### What to work on
Print every entry exactly once more, omitting each picture.

### Available data
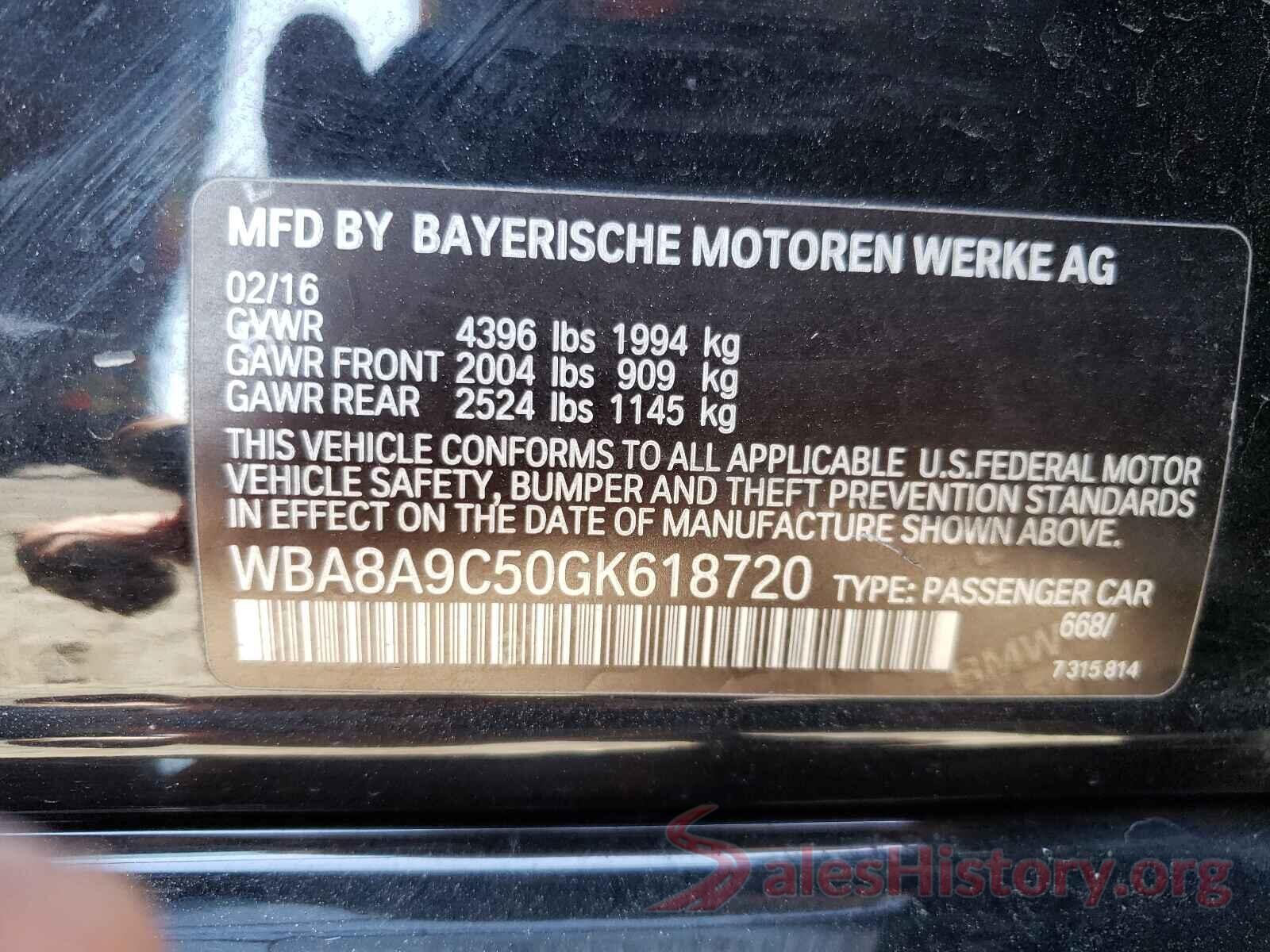 WBA8A9C50GK618720 2016 BMW 3 SERIES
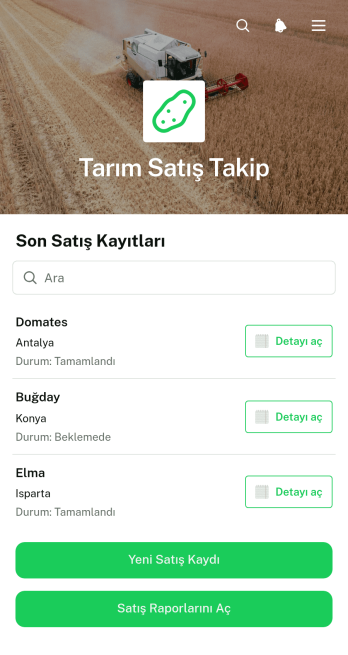 Tarımsal Satış Takip Uygulama Șablonu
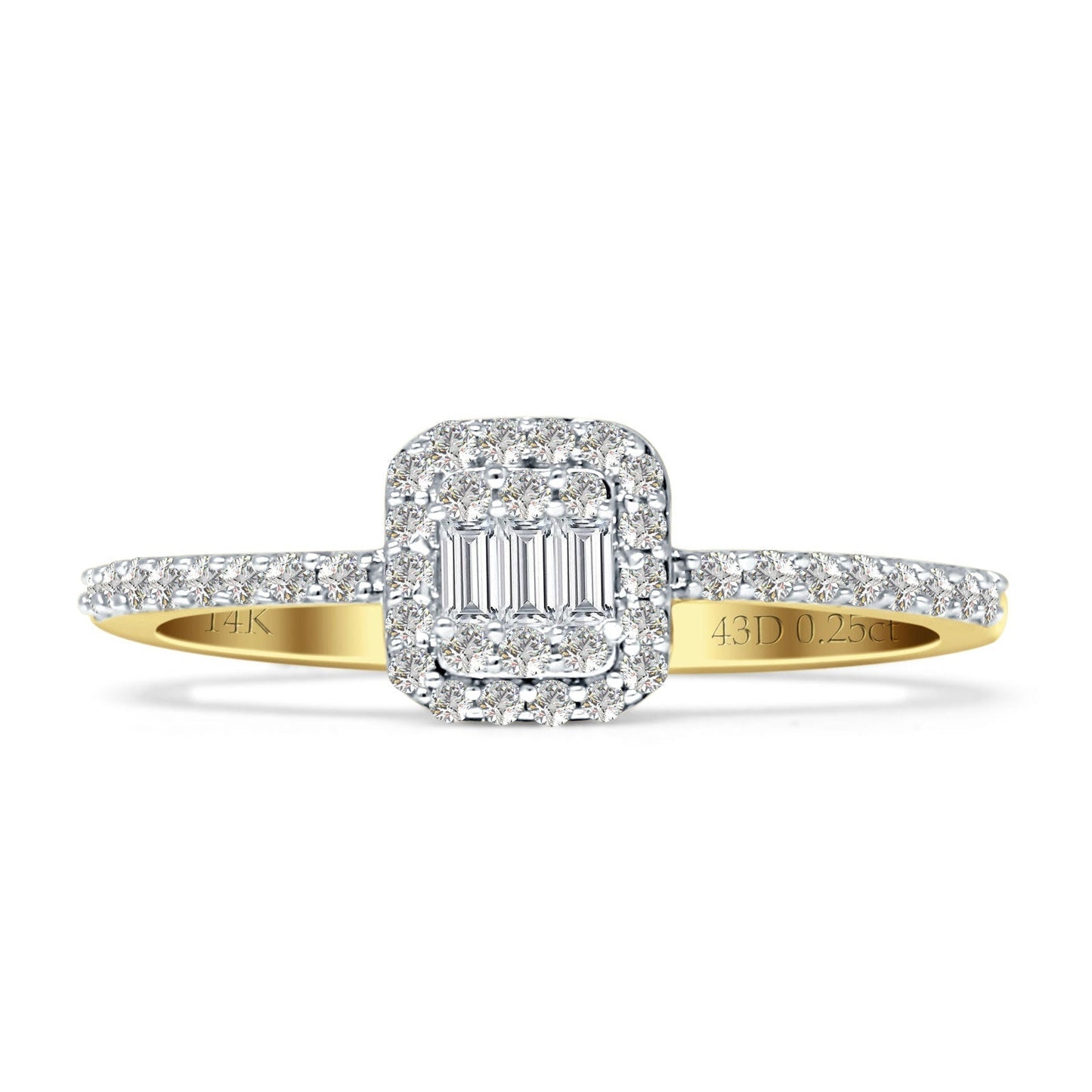 Halo Diamond Baguette Ring Round 14K Yellow Gold 0.25ct Wholesale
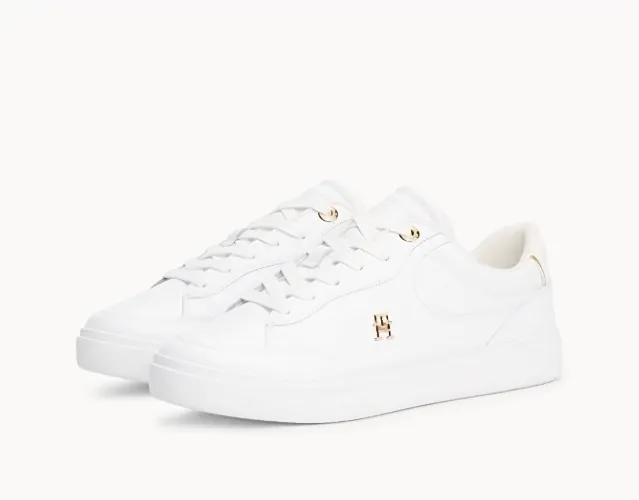 Leather TH Monogram Court Trainers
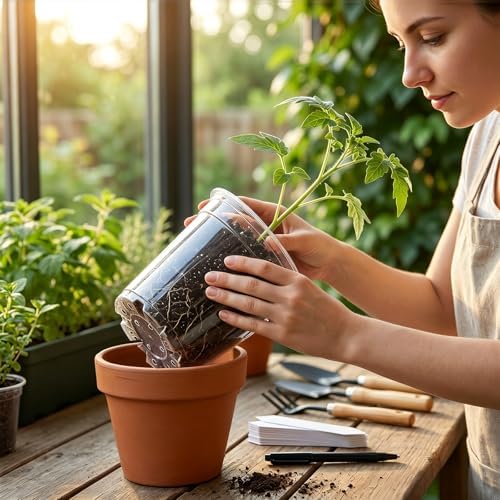 60 Pcs 5/6/7 Inch Clear Nursery Pots with Drainage, Plastic Pots for Plants - Image 6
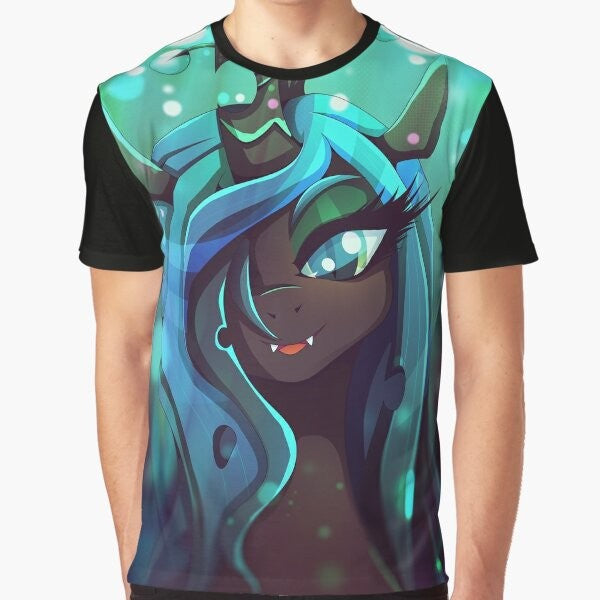 Queen Chrysalis, the changeling from My Little Pony, featured on a graphic t-shirt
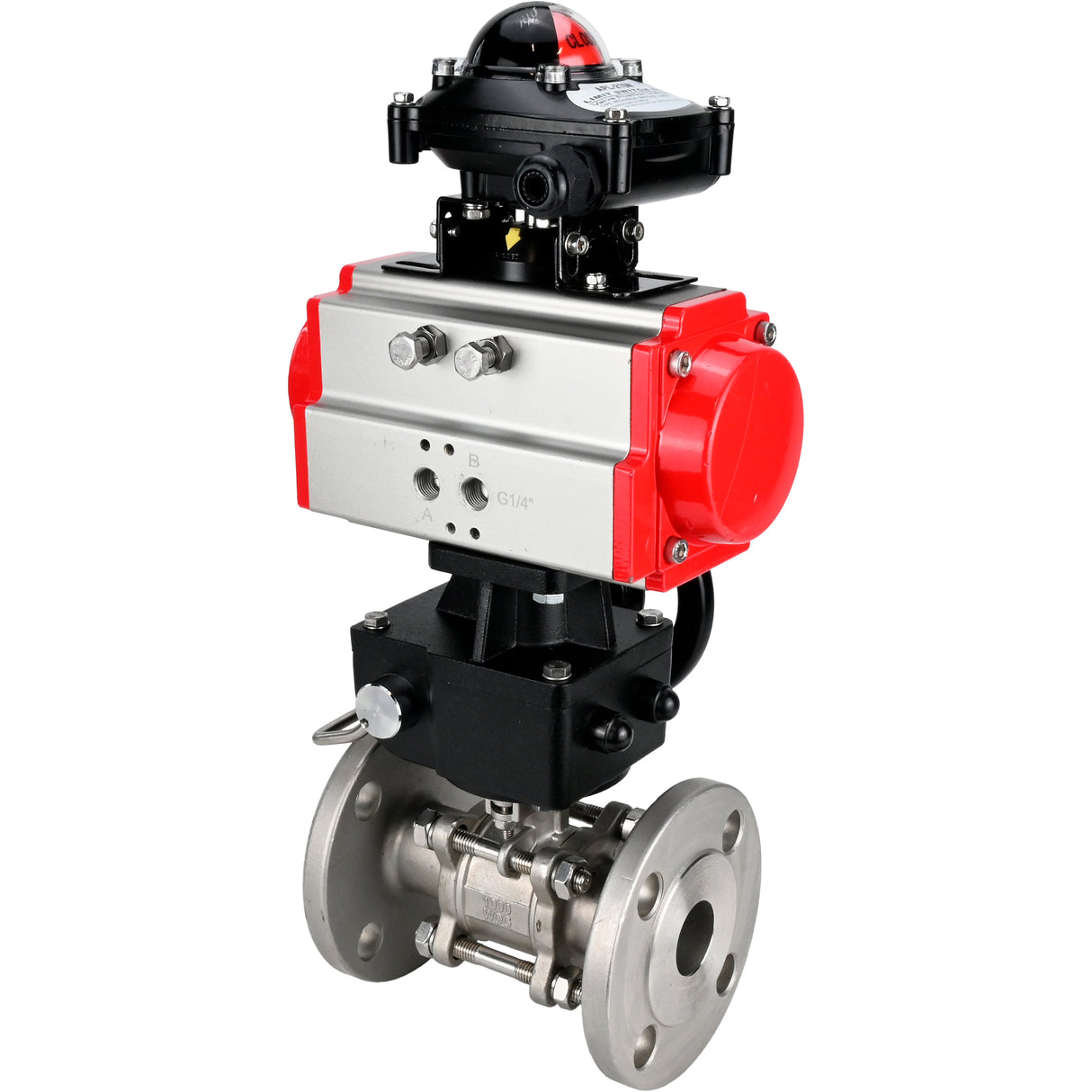 Stainless steel ball valve Elephant ksfpt-304-180-da-apl210n-hdm, body material - stainless steel AISI 304, ball material - stainless steel AISI 304, seal - PTFE, pneumatic actuator operated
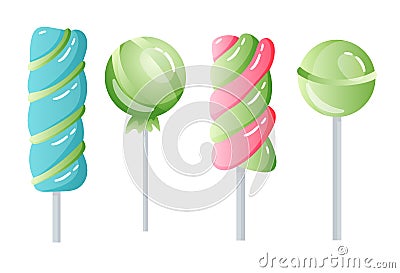 Set of sweets on white background - hard candy and bar, candy cane, lollipop, candy on stick. Tasty delicious. Vector Vector Illustration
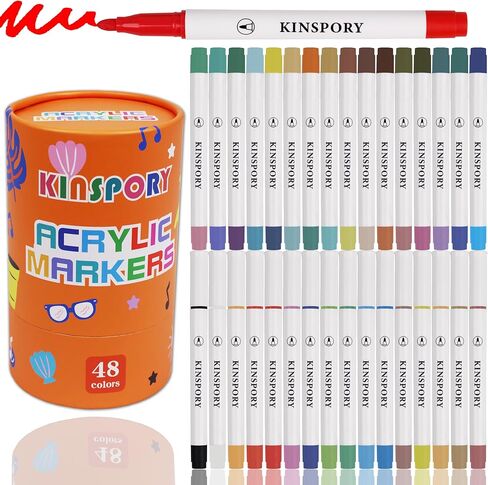 أقلام طلاء كينسبوري قابلة للغسل، 48 لونًا من أقلام تحديد الأكريليك، أقلام رسم تلوين فنية يدوية الصنع مع صندوق هدايا مبتكر للأطفال - وردي in Kuwait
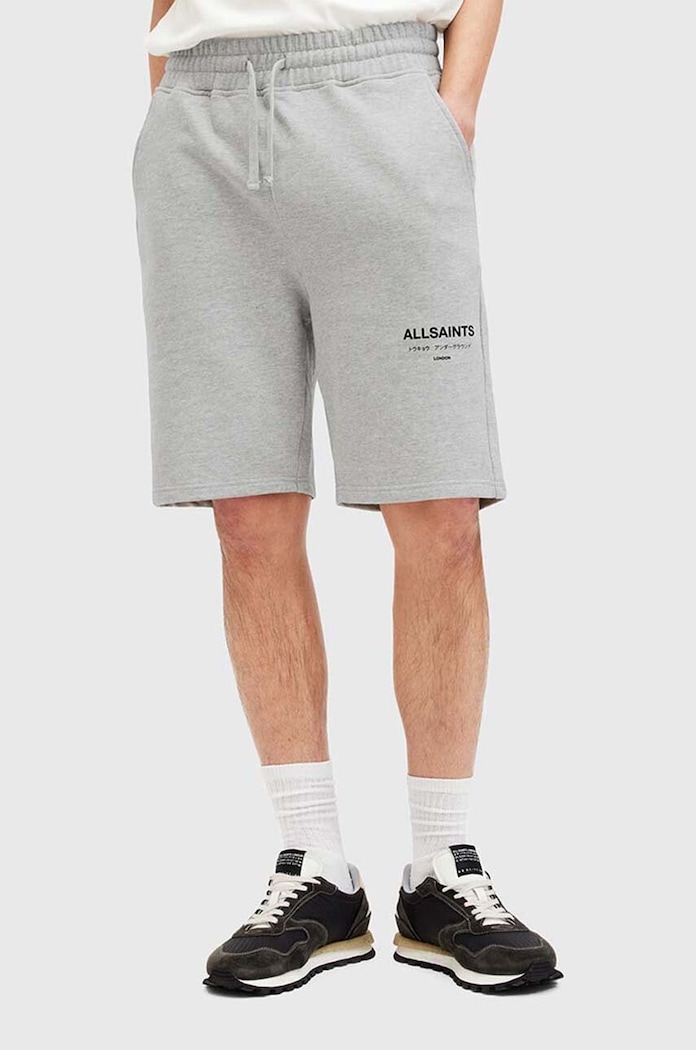 Bavlnené šortky AllSaints UNDRGRND SWEATSHORT M002TC sivá SS26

### Written solution
 WBA8A9C50GK618720 2016 BMW 3 SERIES
 Tarımsal Satış Takip Uygulama Șablonu
 Halo Diamond Baguette Ring Round 14K Yellow Gold 0.25ct Wholesale
 Leather TH Monogram Court Trainers
 60 Pcs 5/6/7 Inch Clear Nursery Pots with Drainage, Plastic Pots for Plants - Image 6
 Queen Chrysalis, the changeling from My Little Pony, featured on a graphic t-shirt
 Stainless steel ball valve Elephant ksfpt-304-180-da-apl210n-hdm, body material - stainless steel AISI 304, ball material - stainless steel AISI 304, seal - PTFE, pneumatic actuator operated
 Set of sweets on white background - hard candy and bar, candy cane, lollipop, candy on stick. Tasty delicious. Vector Vector Illustration
 أقلام طلاء كينسبوري قابلة للغسل، 48 لونًا من أقلام تحديد الأكريليك، أقلام رسم تلوين فنية يدوية الصنع مع صندوق هدايا مبتكر للأطفال - وردي in Kuwait
 Bavlnené šortky AllSaints UNDRGRND SWEATSHORT M002TC sivá SS26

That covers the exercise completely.